Das ist eine der Grundfragen des Romans. Ich habe bewusst einen engen Zeitrahmen von wenigen Tagen gewählt, in denen Kemal immer wieder und immer stärker mit dieser Frage konfrontiert wird. Bis er ihr nicht mehr ausweichen kann und sich entscheiden muss. Ich selbst habe keine klare Antwort auf diese Frage. Wahrscheinlich ist es schon wichtig, irgendwo dazuzugehören. Aber jeder sollte es sich selbst aussuchen dürfen.

Dein Roman ist erschreckend aktuell, indem er den Kampf der Kulturen aufgreift. War dir das während des Schreibens bewusst?

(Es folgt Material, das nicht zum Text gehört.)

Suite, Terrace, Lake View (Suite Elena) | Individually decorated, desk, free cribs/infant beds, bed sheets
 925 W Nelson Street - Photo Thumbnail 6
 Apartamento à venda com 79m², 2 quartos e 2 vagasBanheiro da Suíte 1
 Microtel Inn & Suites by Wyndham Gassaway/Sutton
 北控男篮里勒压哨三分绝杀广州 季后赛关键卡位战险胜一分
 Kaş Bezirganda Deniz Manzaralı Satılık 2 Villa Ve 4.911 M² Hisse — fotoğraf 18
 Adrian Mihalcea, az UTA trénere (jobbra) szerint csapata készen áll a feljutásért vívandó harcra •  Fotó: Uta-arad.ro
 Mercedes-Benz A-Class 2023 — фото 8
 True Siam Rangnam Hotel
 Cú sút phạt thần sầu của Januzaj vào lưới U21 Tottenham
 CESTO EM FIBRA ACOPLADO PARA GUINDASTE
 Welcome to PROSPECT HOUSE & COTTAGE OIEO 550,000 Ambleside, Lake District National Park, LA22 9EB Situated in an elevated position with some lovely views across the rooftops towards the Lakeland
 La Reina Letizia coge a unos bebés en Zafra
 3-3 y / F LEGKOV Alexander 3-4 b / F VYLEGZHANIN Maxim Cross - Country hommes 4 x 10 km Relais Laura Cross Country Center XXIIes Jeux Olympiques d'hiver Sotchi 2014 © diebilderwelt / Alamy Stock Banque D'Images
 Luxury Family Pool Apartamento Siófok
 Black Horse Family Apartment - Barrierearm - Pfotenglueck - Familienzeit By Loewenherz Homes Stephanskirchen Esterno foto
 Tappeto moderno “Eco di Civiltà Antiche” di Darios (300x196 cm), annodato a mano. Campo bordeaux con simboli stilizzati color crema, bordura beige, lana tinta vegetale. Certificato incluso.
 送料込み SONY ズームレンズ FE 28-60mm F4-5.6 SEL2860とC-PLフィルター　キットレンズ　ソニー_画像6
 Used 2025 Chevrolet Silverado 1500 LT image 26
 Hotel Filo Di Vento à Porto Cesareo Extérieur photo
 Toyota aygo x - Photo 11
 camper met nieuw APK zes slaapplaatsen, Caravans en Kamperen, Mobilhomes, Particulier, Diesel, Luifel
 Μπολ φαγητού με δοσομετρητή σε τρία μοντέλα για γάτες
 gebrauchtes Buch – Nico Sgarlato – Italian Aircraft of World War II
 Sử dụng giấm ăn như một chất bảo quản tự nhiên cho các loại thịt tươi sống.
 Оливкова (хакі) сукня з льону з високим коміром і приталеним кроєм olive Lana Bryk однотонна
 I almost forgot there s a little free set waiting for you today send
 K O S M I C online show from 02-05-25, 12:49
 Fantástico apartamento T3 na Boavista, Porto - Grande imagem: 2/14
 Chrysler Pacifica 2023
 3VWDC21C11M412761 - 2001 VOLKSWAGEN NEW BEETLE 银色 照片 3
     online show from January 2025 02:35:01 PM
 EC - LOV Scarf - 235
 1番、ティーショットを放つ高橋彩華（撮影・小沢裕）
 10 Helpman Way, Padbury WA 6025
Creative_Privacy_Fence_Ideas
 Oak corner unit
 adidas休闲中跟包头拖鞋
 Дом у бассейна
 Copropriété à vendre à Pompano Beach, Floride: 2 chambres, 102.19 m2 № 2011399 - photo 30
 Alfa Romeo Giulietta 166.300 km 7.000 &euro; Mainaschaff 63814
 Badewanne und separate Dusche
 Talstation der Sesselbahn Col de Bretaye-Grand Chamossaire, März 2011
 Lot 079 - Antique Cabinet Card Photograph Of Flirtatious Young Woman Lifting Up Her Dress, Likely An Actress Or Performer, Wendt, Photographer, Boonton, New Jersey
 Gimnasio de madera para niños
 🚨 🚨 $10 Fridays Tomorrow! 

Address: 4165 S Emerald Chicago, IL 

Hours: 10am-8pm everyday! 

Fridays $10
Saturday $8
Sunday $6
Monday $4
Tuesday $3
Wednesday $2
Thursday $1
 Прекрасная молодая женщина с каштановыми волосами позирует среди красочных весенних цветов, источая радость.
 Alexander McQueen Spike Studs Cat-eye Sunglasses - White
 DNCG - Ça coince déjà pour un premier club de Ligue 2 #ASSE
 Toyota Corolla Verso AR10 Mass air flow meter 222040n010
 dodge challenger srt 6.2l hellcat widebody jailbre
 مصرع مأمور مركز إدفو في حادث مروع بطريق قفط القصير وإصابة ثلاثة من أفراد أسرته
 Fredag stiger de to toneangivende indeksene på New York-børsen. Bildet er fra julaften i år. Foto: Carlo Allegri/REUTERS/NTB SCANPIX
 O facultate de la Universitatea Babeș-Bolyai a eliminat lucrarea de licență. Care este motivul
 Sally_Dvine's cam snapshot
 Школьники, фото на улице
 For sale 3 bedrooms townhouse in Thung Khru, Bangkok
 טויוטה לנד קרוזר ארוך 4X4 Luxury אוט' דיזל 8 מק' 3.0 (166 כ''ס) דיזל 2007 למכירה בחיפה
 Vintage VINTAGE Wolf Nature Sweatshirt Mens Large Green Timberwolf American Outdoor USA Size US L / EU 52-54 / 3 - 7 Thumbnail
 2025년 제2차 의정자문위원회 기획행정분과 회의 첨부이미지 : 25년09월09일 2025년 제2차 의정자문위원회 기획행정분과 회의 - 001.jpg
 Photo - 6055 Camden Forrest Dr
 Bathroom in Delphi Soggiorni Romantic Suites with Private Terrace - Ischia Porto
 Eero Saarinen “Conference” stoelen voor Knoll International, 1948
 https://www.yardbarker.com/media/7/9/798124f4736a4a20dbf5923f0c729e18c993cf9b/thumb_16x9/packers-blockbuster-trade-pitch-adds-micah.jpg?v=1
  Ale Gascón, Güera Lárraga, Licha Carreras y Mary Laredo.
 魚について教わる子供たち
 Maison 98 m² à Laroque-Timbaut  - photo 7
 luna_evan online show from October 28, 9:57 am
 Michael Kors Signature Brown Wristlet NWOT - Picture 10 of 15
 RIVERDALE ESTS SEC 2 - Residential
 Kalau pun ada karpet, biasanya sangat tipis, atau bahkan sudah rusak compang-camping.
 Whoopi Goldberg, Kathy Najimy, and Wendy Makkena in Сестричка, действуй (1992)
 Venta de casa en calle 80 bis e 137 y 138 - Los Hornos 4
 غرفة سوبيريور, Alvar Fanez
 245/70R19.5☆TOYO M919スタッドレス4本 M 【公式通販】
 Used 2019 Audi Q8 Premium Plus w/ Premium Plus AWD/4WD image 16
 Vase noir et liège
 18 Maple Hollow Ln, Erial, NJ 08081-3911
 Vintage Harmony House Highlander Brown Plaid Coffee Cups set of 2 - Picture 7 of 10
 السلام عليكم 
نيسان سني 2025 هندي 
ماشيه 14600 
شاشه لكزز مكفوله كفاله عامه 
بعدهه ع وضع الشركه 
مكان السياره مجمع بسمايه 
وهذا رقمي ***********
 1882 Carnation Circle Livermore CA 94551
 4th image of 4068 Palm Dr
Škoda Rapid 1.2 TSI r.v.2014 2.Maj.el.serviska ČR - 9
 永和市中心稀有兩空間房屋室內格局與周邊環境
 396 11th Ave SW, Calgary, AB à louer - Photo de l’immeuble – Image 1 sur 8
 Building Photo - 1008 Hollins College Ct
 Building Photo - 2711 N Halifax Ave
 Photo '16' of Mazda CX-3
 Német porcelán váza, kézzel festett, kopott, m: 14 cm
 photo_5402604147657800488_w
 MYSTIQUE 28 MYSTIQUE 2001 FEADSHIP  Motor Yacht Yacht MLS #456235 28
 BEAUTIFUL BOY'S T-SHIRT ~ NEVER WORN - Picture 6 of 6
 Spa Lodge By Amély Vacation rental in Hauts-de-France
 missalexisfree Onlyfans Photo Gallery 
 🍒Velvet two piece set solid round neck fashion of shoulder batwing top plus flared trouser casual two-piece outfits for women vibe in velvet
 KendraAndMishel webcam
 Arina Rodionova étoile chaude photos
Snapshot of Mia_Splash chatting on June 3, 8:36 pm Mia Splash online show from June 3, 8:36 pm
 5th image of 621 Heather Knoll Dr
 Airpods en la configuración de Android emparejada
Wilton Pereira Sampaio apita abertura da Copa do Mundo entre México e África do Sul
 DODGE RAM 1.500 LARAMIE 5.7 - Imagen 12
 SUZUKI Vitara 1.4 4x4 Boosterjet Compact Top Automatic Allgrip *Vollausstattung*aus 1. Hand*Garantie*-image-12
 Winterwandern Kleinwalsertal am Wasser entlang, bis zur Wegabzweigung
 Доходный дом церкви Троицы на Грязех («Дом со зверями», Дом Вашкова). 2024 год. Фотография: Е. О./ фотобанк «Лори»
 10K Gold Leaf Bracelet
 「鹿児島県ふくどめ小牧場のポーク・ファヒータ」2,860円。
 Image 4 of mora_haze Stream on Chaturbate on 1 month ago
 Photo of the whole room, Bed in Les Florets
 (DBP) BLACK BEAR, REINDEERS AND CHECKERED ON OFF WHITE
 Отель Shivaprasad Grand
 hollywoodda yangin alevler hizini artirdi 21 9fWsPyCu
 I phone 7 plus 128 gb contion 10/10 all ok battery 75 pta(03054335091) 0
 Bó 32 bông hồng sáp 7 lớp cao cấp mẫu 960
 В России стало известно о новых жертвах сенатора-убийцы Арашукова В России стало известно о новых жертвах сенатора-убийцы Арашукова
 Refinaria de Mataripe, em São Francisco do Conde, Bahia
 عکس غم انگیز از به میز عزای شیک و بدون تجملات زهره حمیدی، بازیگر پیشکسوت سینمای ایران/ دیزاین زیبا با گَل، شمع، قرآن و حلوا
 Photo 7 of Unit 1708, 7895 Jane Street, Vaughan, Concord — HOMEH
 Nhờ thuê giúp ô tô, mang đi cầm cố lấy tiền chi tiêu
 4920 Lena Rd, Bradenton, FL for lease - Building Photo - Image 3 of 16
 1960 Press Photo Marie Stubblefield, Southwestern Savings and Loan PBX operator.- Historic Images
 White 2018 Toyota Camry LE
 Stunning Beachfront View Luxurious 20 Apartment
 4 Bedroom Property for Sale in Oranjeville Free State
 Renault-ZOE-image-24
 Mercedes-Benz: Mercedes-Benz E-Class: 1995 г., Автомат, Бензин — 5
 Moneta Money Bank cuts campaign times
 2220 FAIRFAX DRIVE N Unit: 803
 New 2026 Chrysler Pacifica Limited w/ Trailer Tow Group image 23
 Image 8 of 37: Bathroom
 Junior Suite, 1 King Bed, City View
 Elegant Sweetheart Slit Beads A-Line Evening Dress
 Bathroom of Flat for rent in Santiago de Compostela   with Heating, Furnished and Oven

Es war mir bewusst, aber nicht mein Hauptziel. Mir persönlich haben immer die Bücher und Filme am besten gefallen, die aus einer bestimmten Sicht vermitteln, wie die Welt wirklich ist oder einmal war oder werden könnte. Meine Geschichte spielt in der Gegenwart in einer deutschen Stadt. Also muss sie auch aktuelle Entwicklungen der Gesellschaft miteinbeziehen, anders geht es nicht. Der Kampf der Kulturen ist vielleicht ein aktueller Begriff, aber auch ein zeitloses Thema, glaube ich. Er bleibt meistens knapp unter der Oberfläche, bricht aber immer wieder mal aus. Alle paar Jahre oder Jahrhunderte. Der Mensch streitet wohl einfach gerne. Und wer das nicht so gerne tut und seine Ruhe will, kann schnell zwischen die Fronten geraten.

Seit wann schreibst du, warum schreibst du und wie wichtig ist dir das Schreiben?
Eines meiner Kindheitsfotos zeigt mich als kleinen Jungen, der ganz ernst auf einer Schreibmaschine herumtippt. Irgendwie hat es mich wohl damals schon angezogen. Als Jugendlicher habe ich mich aber kaum mehr mit Schreiben und Literatur beschäftigt. Erst während meiner Zeit an der Uni fing ich wieder damit an, aber ohne richtigen Plan. So entstanden Notizen, Beobachtungen, Entwürfe für Romane und Filme. Später kamen viele journalistische Texte dazu. Mit der Zeit habe ich immer mehr gespürt, dass ich einen Roman schreiben muss. Ich startete einen Versuch nach dem anderen, brach aber immer wieder ab. Erst als ich die Figur des Kemal Arslan im Kopf hatte, kam ich zu einer Geschichte, die ich zu Ende schreiben konnte. Vom ersten bis zum letzten Satz war es dann nochmal ein langer, harter Weg. In dem Moment, in dem ich das Buch zum ersten Mal in den Händen halten werde, wird er sich ausgezahlt haben. Darauf freue ich mich sehr.